START Dataset extract

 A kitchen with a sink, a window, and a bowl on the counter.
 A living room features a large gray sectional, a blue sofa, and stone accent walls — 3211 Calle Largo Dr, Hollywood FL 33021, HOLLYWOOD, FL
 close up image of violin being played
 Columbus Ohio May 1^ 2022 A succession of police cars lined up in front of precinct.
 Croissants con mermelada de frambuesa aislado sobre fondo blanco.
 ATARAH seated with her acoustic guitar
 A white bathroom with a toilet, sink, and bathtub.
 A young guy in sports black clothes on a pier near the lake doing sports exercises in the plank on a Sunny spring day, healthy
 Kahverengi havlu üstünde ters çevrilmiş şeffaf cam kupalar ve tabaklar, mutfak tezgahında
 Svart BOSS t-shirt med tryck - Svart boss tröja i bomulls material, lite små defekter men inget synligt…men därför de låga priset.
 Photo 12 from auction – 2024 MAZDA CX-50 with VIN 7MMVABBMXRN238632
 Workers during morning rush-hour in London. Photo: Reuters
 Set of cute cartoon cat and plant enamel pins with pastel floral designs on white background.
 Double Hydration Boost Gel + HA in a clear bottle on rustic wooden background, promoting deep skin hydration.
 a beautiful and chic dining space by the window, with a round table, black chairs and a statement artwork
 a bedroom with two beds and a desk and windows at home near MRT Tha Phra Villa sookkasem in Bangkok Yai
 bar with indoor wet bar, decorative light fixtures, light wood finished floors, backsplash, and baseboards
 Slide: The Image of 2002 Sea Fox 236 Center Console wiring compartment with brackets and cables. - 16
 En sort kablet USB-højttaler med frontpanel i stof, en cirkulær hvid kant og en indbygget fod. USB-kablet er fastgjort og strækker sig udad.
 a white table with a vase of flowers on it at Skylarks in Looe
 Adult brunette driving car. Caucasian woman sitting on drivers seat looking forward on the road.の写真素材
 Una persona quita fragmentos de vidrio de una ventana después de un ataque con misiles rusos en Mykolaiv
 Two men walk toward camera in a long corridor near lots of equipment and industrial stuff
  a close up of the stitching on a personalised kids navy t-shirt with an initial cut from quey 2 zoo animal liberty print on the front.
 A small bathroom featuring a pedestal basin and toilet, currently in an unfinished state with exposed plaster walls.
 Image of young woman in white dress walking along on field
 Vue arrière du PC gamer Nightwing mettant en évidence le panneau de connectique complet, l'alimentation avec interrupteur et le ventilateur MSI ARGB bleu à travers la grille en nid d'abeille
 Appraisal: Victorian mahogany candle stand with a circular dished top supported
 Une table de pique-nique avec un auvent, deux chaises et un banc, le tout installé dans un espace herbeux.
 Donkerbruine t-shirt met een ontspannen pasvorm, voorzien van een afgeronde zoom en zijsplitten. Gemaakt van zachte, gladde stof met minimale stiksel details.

END Dataset extract

What the exercise asks: Reproduce the lines above, beginning at the line with "A small bathroom" and stopping after the line with "Vue arrière du", exactly as they are.

Result of the exercise:
 A small bathroom featuring a pedestal basin and toilet, currently in an unfinished state with exposed plaster walls.
 Image of young woman in white dress walking along on field
 Vue arrière du PC gamer Nightwing mettant en évidence le panneau de connectique complet, l'alimentation avec interrupteur et le ventilateur MSI ARGB bleu à travers la grille en nid d'abeille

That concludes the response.